Pemindahan dilakukan dengan melibatkan lintas instansi untuk memastikan pedagang dapat berpindah dengan aman dan tertib.
Petugas dari Satpol PP Provinsi Kepri, Satpol PP Kota Tanjungpinang, kepolisian, BUMD, hingga Dinas Perkim dan Dinas Lingkungan Hidup (DLH) turun langsung membantu mengangkat serta mengangkut perlengkapan dagang milik para pedagang.
Kepala Satpol PP dan Damkar Provinsi Kepri, Guntur Sakti, mengatakan kehadiran aparat dalam proses relokasi bukan untuk melakukan penertiban, untuk memberikan pelayanan kepada para pedagang.
“Kita membantu pengangkatan dan pengangkutan ke titik relokasi. Pada intinya kita melayani masyarakat, dalam hal ini pedagang di Taman Gurindam 12,” ujarnya.

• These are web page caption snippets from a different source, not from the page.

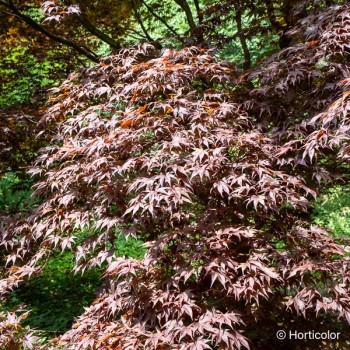 ACER palmatum Bloodgood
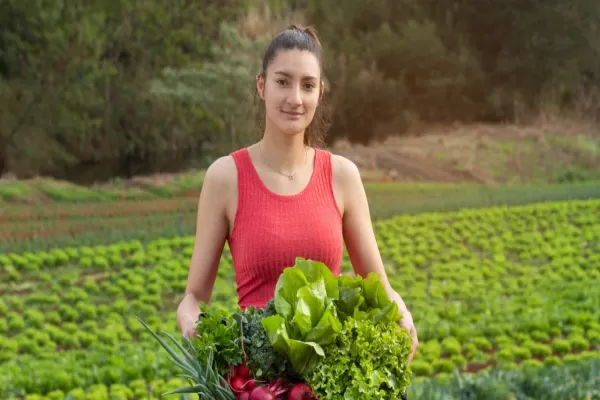 Foto relacionada a notícia: Comsea realiza o 1º Fórum da Agricultura Familiar
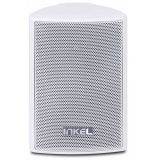 Акустическая система Inkel FS-20T White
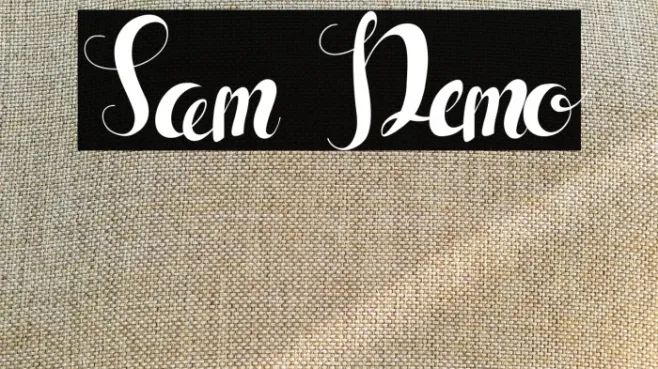Sam Demo Example 3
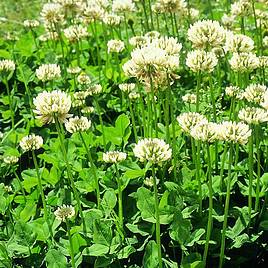 Trifolium Repens - Seeds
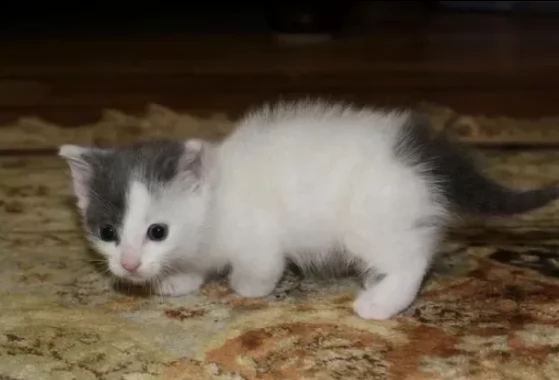 gattini munchkin di razza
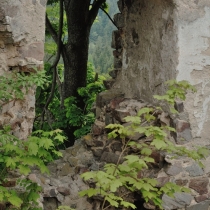 zřícenina hradu Valdek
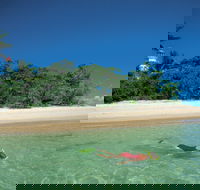 Low Isles - Sunshine Coast Tourism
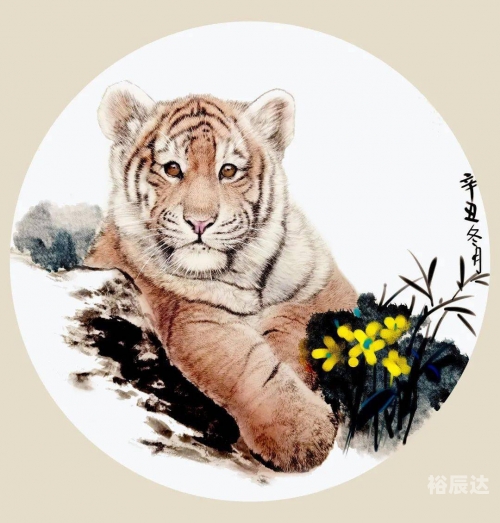 龙虎赢钱的吉彩家娱乐-第2张图片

Berbagai perlengkapan seperti kontainer, meja, kursi, dan peralatan dagang lainnya diangkut menggunakan lori, mobil pikap, serta armada tambahan menuju lokasi yang telah disiapkan.

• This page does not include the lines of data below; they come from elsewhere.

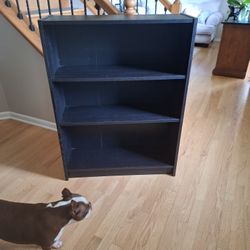 IKEA Bookcase w Adjustable Shelves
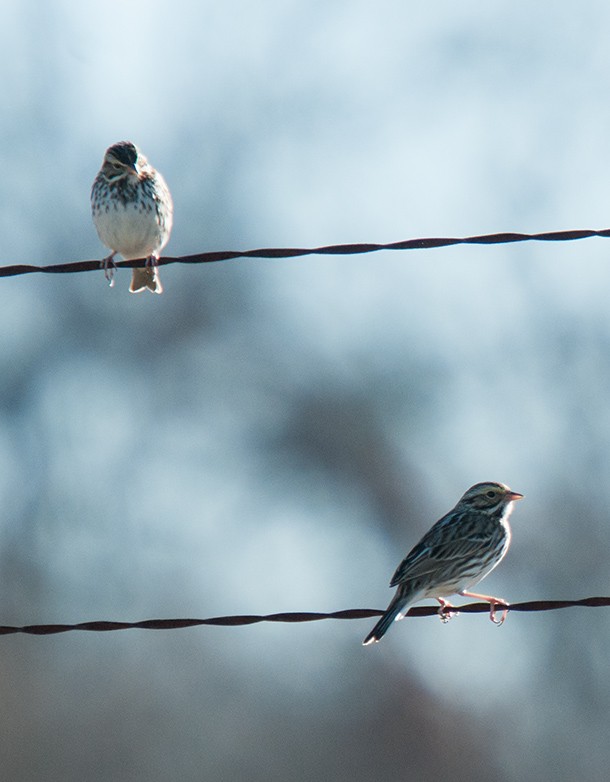 Savannah Sparrow - ML43367601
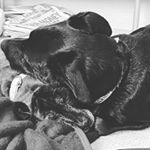 Profile Picture of Devon Woolley (@xx_d3v0n_w00ll3y_xx) on Instagram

Proses pemindahan berlangsung tertib setelah sebagian besar pedagang menerima penjelasan langsung dari Wali Kota Tanjungpinang, Lis Darmansyah, terkait kebijakan relokasi tersebut.
Kepala Bidang Ketertiban Umum dan Ketentraman Masyarakat Satpol PP Kota Tanjungpinang, Irwan Yakub, mengatakan proses relokasi diperkirakan berlangsung lebih dari satu hari mengingat jumlah sarana dagang yang harus dipindahkan.
“Sebagian pedagang sudah dapat menempati lokasi relokasi. Namun proses pemindahan kemungkinan tidak selesai dalam satu hari,” katanya.
Meski masih terdapat kendala dalam menyesuaikan ukuran lapak dengan kapasitas tenda yang tersedia, petugas bersama BUMD Kota Tanjungpinang terus melakukan penataan agar aktivitas perdagangan dapat kembali berjalan normal di lokasi baru.